# The problem:
The full listing below should be repeated exactly.

------ Dataset excerpts ------

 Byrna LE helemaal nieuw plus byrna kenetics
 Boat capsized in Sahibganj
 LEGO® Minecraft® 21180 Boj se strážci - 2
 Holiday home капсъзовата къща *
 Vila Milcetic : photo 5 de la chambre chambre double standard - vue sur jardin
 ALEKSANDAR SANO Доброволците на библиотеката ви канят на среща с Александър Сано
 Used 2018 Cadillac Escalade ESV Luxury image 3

------

# Your solution:
 Byrna LE helemaal nieuw plus byrna kenetics
 Boat capsized in Sahibganj
 LEGO® Minecraft® 21180 Boj se strážci - 2
 Holiday home капсъзовата къща *
 Vila Milcetic : photo 5 de la chambre chambre double standard - vue sur jardin
 ALEKSANDAR SANO Доброволците на библиотеката ви канят на среща с Александър Сано
 Used 2018 Cadillac Escalade ESV Luxury image 3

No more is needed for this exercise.